On the Raspberry Pi itself the build took ~one hour (there’s an option to cross-compile). Make, install, reboot into the new kernel, yay.

Fortunately I had my disk partitioned in a way that the bcache's superblock was already placed before the main filesystem so all I needed was to delete the old partition, create a new one with fdisk and update the /etc/fstab. If not you’ll need to free up 8KiB before the partition to perform this trick.

I allocated 16GiB of the SSD for the cache and after the warmup only 25% of it is used.

One important tweak: set the /sys/block/bcache0/bcache/sequential_cutoff to something like 64KiB. The default is 4MiB which is larger than the storj piece size, however we want it to be smaller than that to let the HDD serve pieces but large enough to accommodate filesystem directories.

This is how the last day of disk activity looks like:

During the process of pieces enumeration which is done at the node start the HDD used to sustain 200-300 IOPS while reading 6-7 MB/s or so. Now the SSD sustains 2500-3000 IOPS while reading 60-70 MB/s. In complete silence

After all setups I moved all the database files back to the HDD and let the bcache do its job.

articulateape · July 25, 2020, 4:57pm

Sorry but my knowledge of this is limited, but what does this do? I have a R Pi 4, is this a recommended course?

andrew2.hart · July 25, 2020, 5:38pm

It uses an extra solid state disk to optimise writes and cache reads to a slower hard drive.

It’s not needed but is cool

xopok · July 25, 2020, 6:24pm

As @andrew2.hart answered, it’s an SSD cache for the spinning disk.
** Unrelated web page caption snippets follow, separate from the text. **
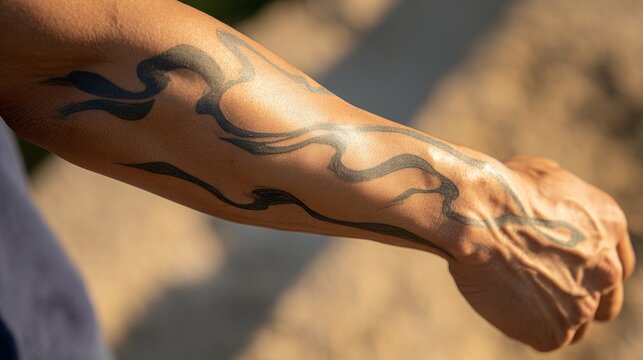 Close-up of a tattooed arm with tribal designs in sunlight.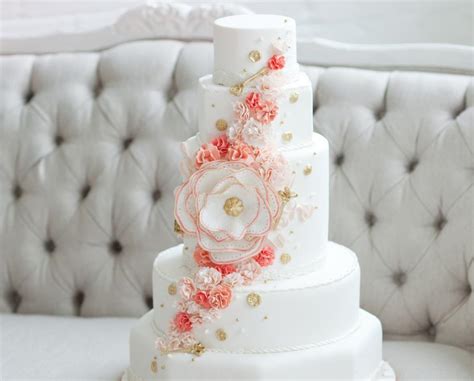 Classic White Wedding Cake Peach Gold Cascading Blooms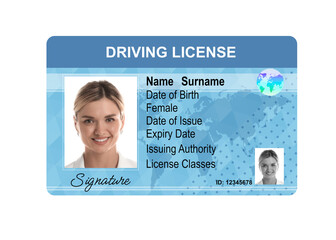 Driver's license with photo of woman and world map illustration isolated on white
I’m deliberately not using it to cache writes because:

Massive random reads were my main pain point.
If SSD fails, I’m not losing data.

Eioz · October 24, 2022, 2:17pm

Hi @xopok i would like to setup bcache on amd64 debian 11, as for today could you tell me what is your cache used ratio with 8TB HDD ? I would like to setup bcache in writeback mode with mdadm devices, you can see my post here : Setup Bcache on Debian 11 amd64 with mdadm devices.
Thanks